◆ Task to complete: Write out the records below exactly as they appear, skipping each picture.

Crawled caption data
══════
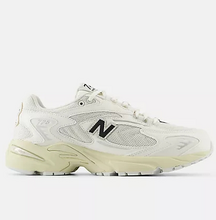   		2双$100！New Balance ML725V1 男鞋 
4.5折 $50（约363.36元） 		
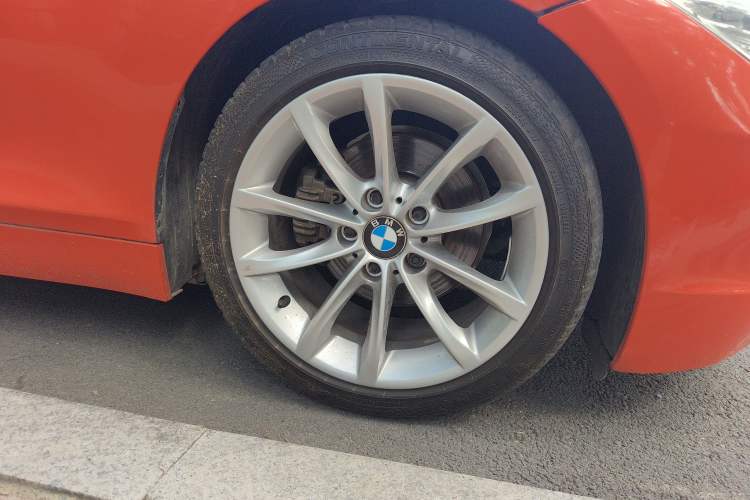 Used BMW Z4 2013 sDrive20i Leading Model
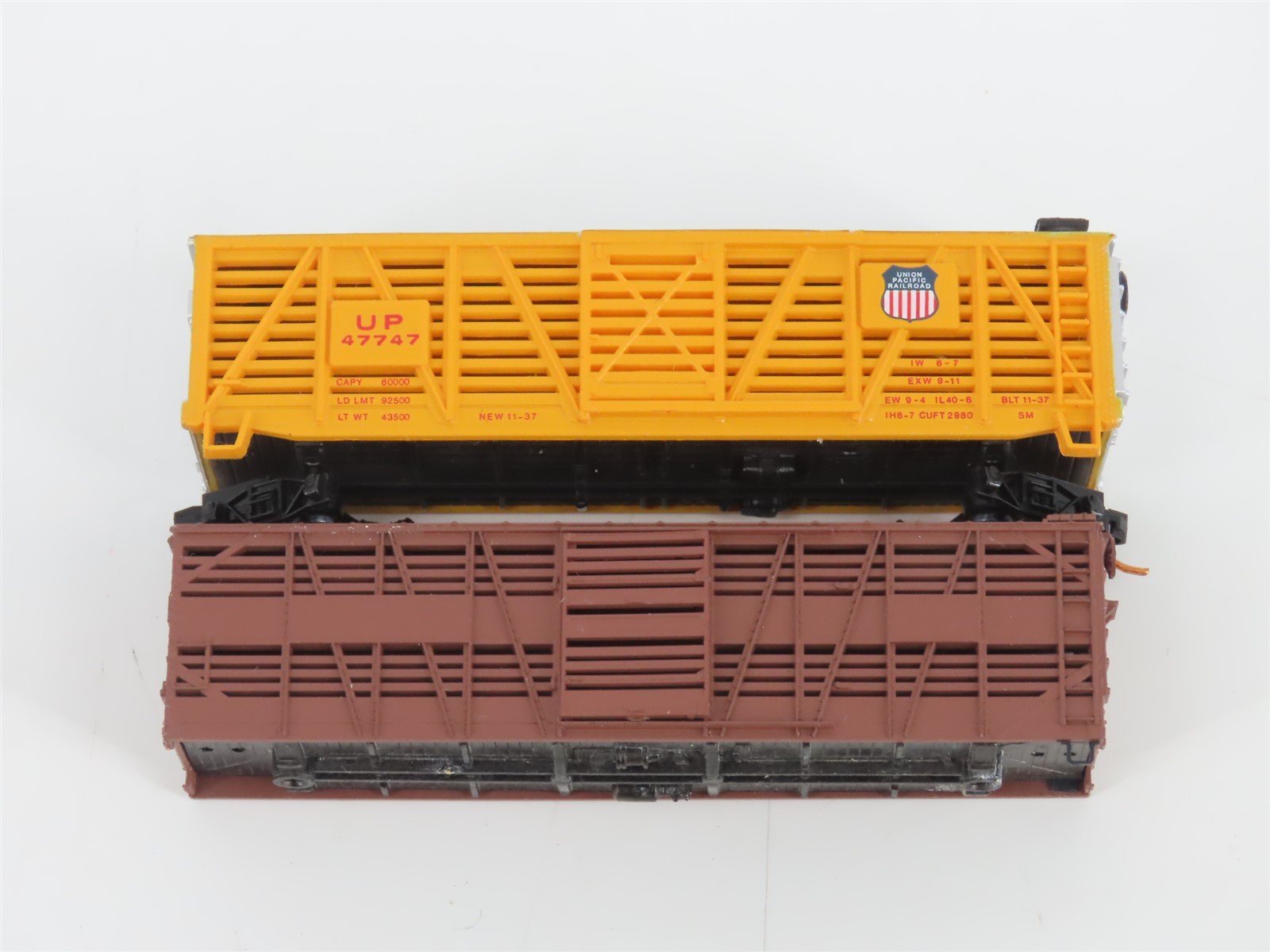 LOT- 8 N Bachmann, Atlas, & Kadee Micro-Trains MTL Assorted Caboose & Stock Cars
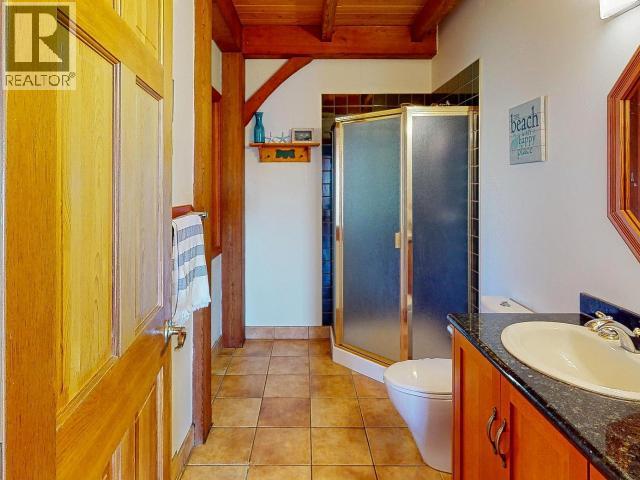 3749 HIGHWAY 101 - 29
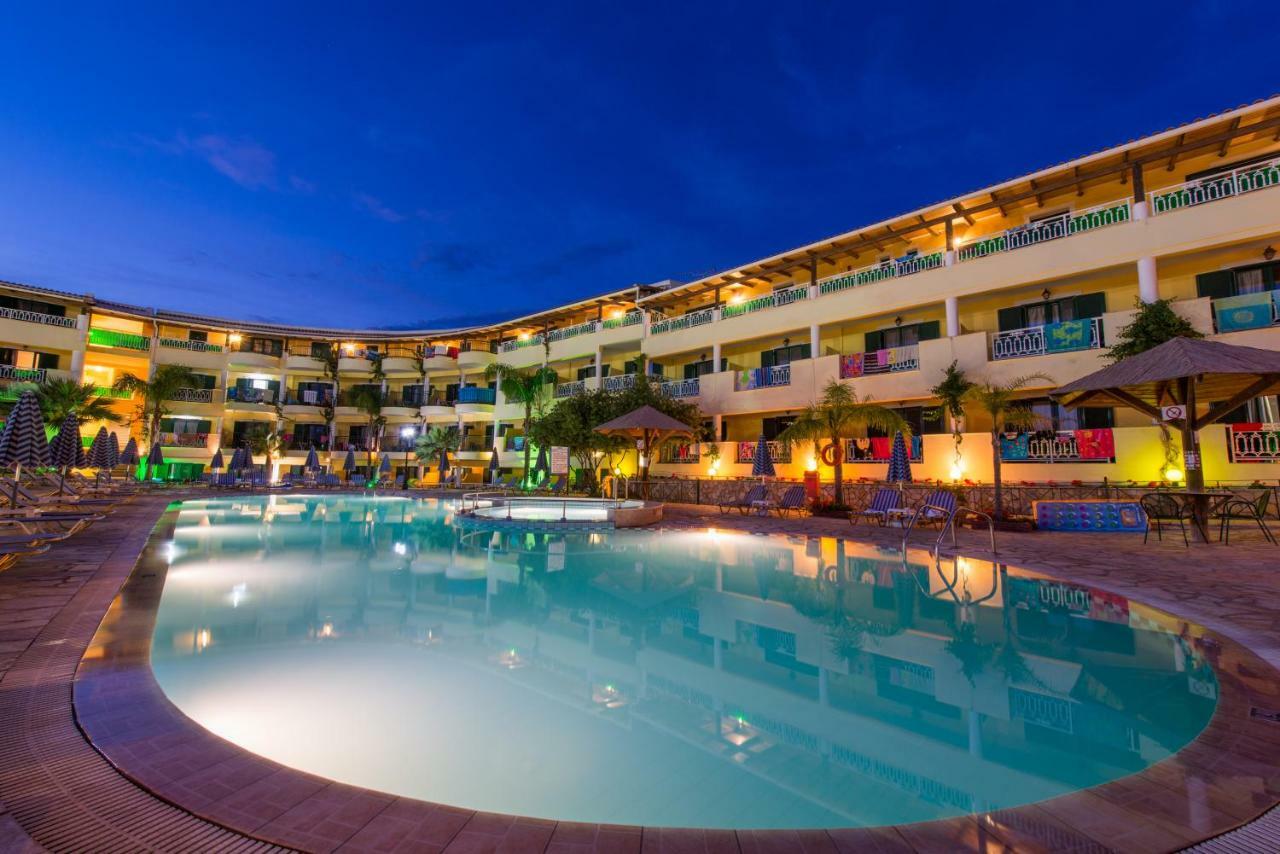 Caretta Beach Resort & Waterpark Kalamákion Dış mekan fotoğraf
══════
◆ Answer space:
   		2双$100！New Balance ML725V1 男鞋 
4.5折 $50（约363.36元） 		
 Used BMW Z4 2013 sDrive20i Leading Model
 LOT- 8 N Bachmann, Atlas, & Kadee Micro-Trains MTL Assorted Caboose & Stock Cars
 3749 HIGHWAY 101 - 29
 Caretta Beach Resort & Waterpark Kalamákion Dış mekan fotoğraf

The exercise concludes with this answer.